ResourceManage Resources

All discrete items that can be acted upon in data.world are considered resources. These resources can either be metadata or data resources. For example, business terms, collections, datasets, projects, and insights are all resources.

Search

A feature enabling users to find resources across data.world, including auto-suggestions and the last eight accessed resources.
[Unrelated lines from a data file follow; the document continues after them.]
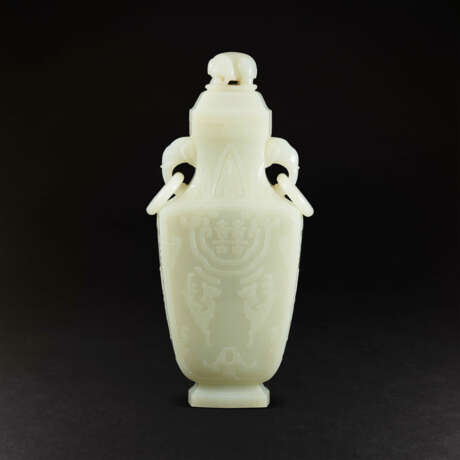 A WHITE JADE ‘ELEPHANT-HANDLE’ VASE AND COVER - Foto 1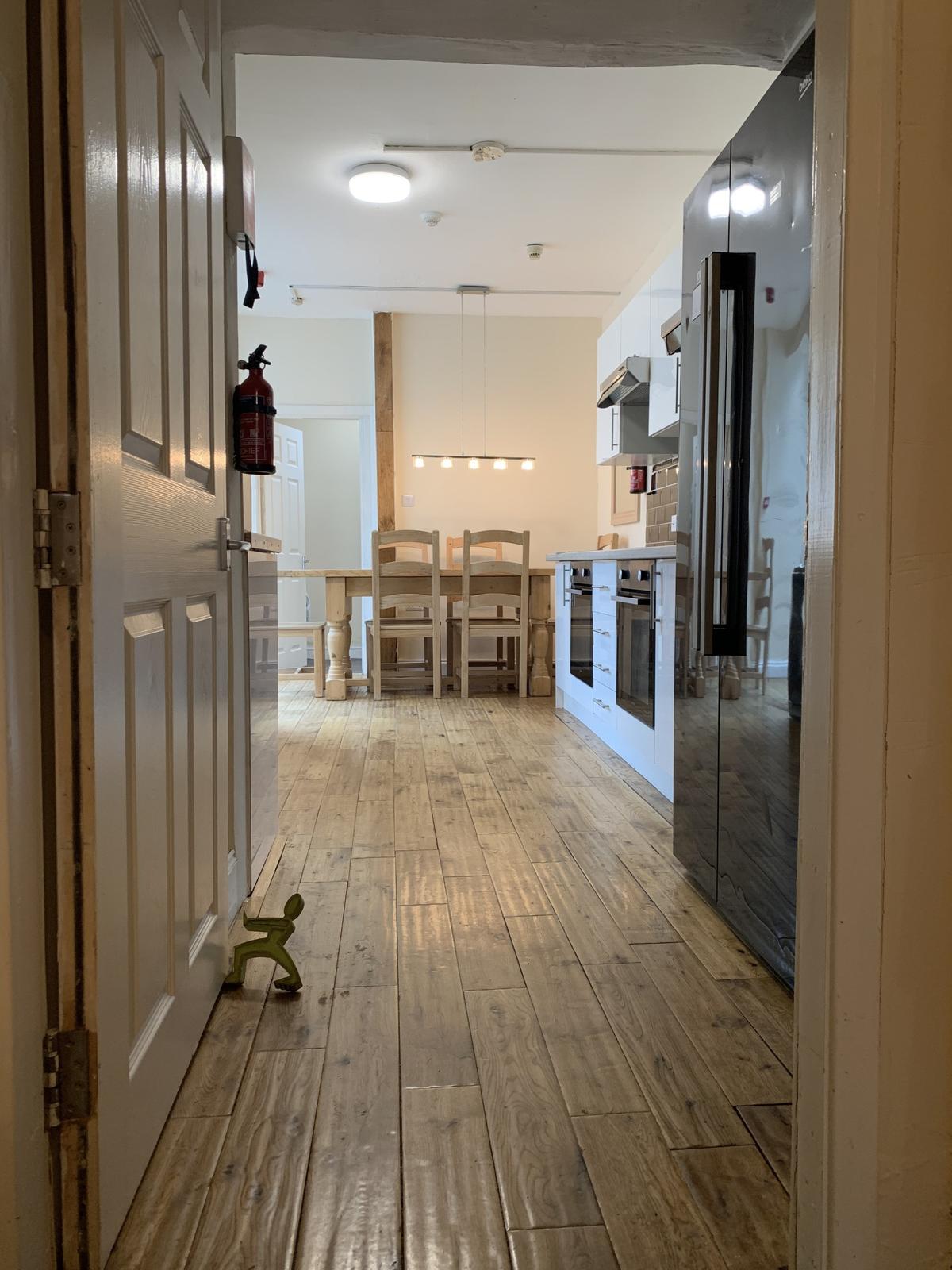 8 bedroom house on Queens Terrace, Jesmond, Newcastle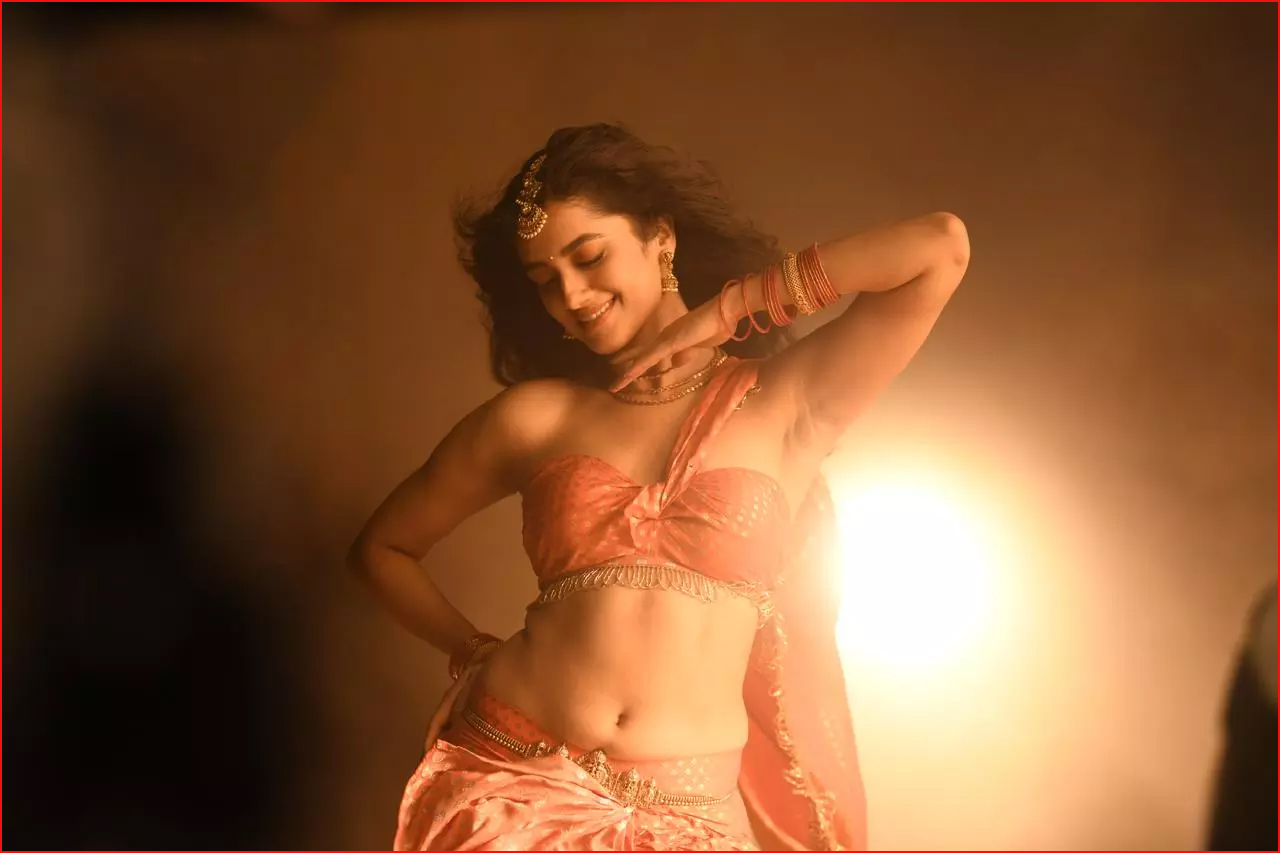 Bhagyashri borse navel
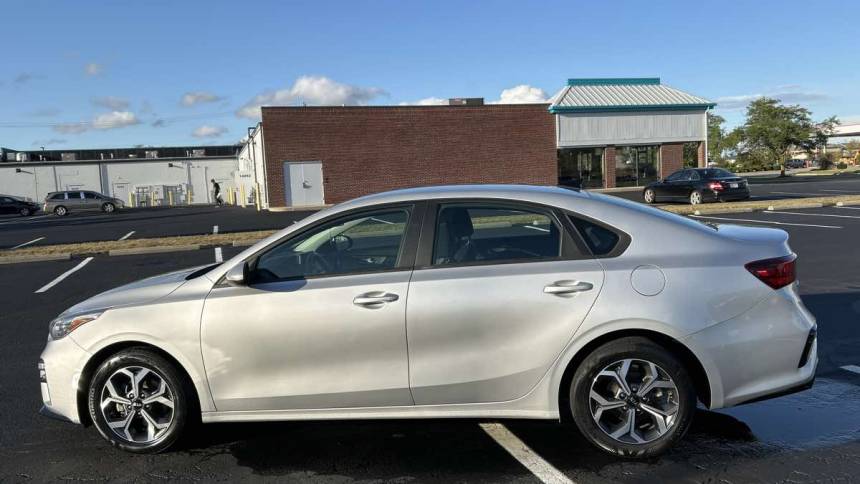 2021 kia forte lxs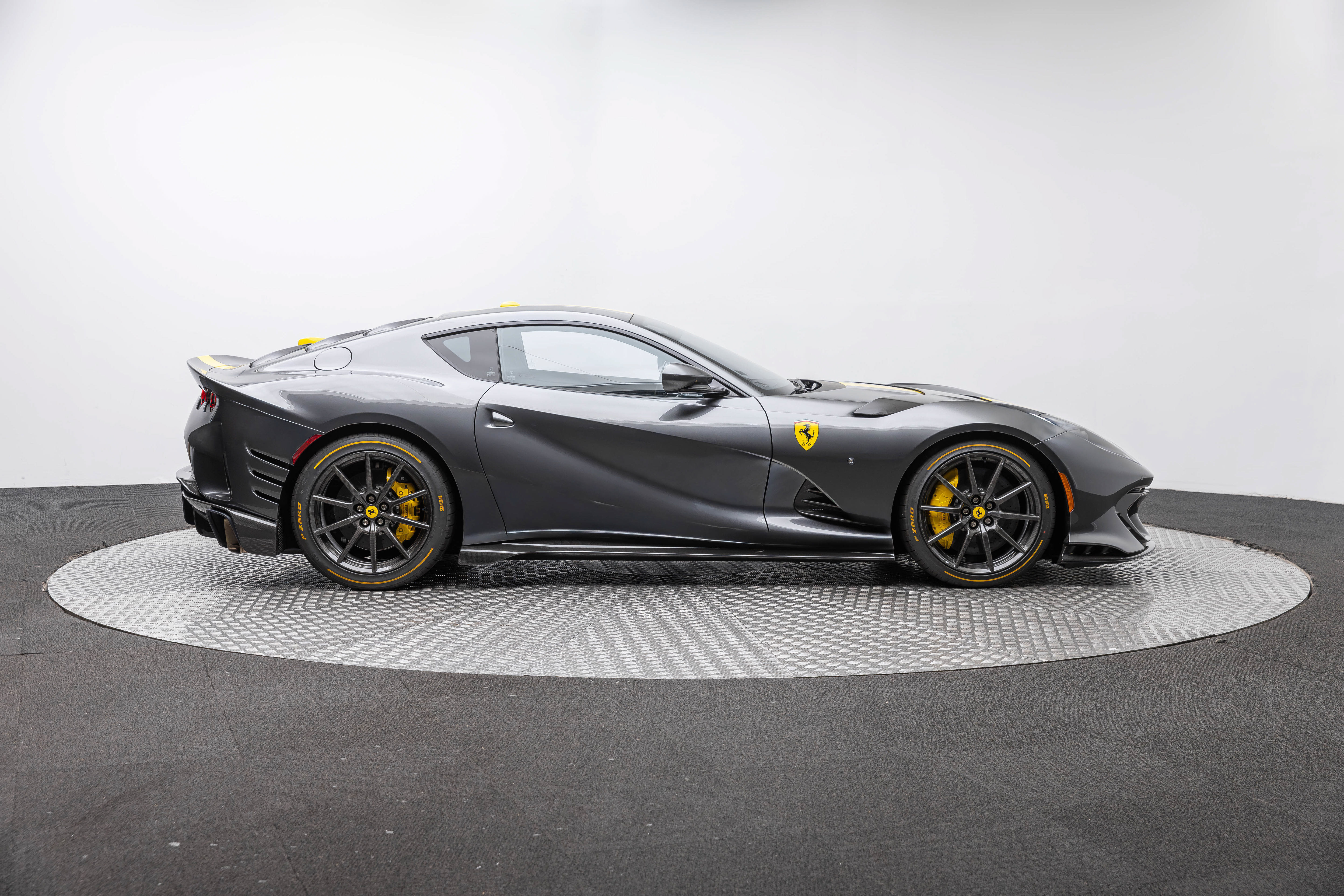 Certified 2023 Ferrari 812 Competizione RWD image 9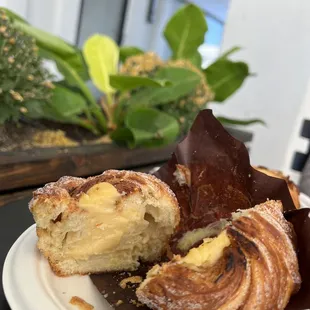 Crème brûlée bun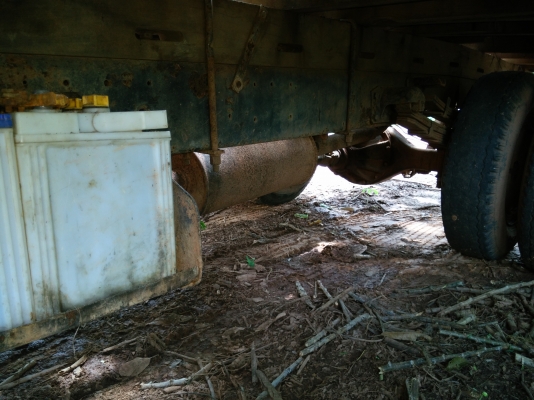 ขาย 6 ล้อ isuzu พวงมาลัยพาวเวอร์ ทะเบียนไม่ขาด เครื่องดี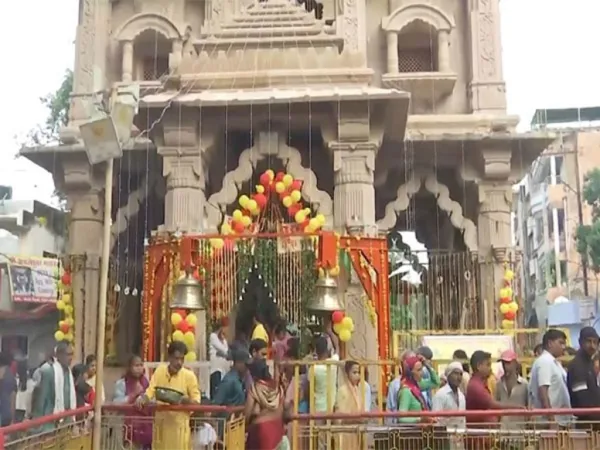 શ્રાવણના છેલ્લા સોમવારે ગુજરાત અને મહારાષ્ટ્રના  શિવાલયોમાં શ્રદ્ધાળુઓ ઉમટ્યા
In systems where Archie bot is enabled, users can also use Archie Bot to discover data with a chat-like interface to quickly search, get suggested filters, and refine your results.

Sentries

Sentries act as automated monitors that listen for updates from external processes such as pipelines, monitoring tools, or APIs. When a sentry detects an issue, for example, a pipeline failure, it updates the corresponding Hoot, which then informs users of the data status in real time. This proactive approach helps data teams communicate effectively and reduces the need for manual status checks.

SQL

SQL (Structured Query Language) is a standardized language used for managing and querying relational databases. In data.world, SQL plays a crucial role in enabling users to interact with and analyze structured data stored within datasets to perform a querying, inserting, updating, and deleting data. SQL is distinguished by its ability to handle structured data, where data is organized into tables consisting of rows and columns.

SPARQL

SPARQL is a powerful query language used to retrieve, modify and make the best use out of linked data. In data.world, SPARQL is essential for querying complex datasets and leveraging semantic data integration and analysis. It enables users to write detailed queries to extract and analyze data from RDF graphs, making it an invaluable tool for advanced data operations.

Tables

A table is a resource that contains specific types of information related to a particular topic. For example, you might have a table for customer details, sales transactions, or inventory records. Tables ensure structured storage and easy retrieval of data, allowing you to efficiently manage and analyze vast amounts of information.

Tags

Tags are descriptive keywords or labels applied to metadata resources, datasets, and projects. These labels serve as an efficient tool for organizing, categorizing, and identifying specific characteristics of the data. They facilitate prompt search and discovery of data assets by enabling users to filter and locate relevant resources based on the associated tags.

User access

User access refers to the rules and settings that govern what actions users can perform and what resources they can view or interact with on the data.world platform. These permissions are crucial for maintaining the security and integrity of data, ensuring that sensitive information is only accessible to authorized users. Access levels can range from viewing and querying data to editing and managing datasets, projects, and organizational settings. In organizations, administrators can create user groups with specific permission sets, simplifying the management of access rights for users.

User groups

User groups are a collection of users that share similar functions or roles in an organization. Groups make it much easier to manage members and their access requirements.

User profile

Individual pages for users in data.world, showcasing associated resources, organizations, activity, and followers, and allowing users to follow others. Each user in data.world has a profile page in the UI where other users can see associated resources, organizations, activity, and followers. This page is also where users can follow other users from.

Workspace

Workspace is an interactive environment where users can manage, analyze, and collaborate on projects. It serves as the central hub for all activities related to a specific project or dataset, providing tools and features for data exploration, query execution, visualization creation, and file management. Workspaces are designed to support both individual and collaborative work, allowing users to share insights, document and discuss findings, and contribute to projects in real time.

Within a workspace, users can access and manipulate data using SQL or SPARQL queries, connect to data sources, and utilize insights for data visualization.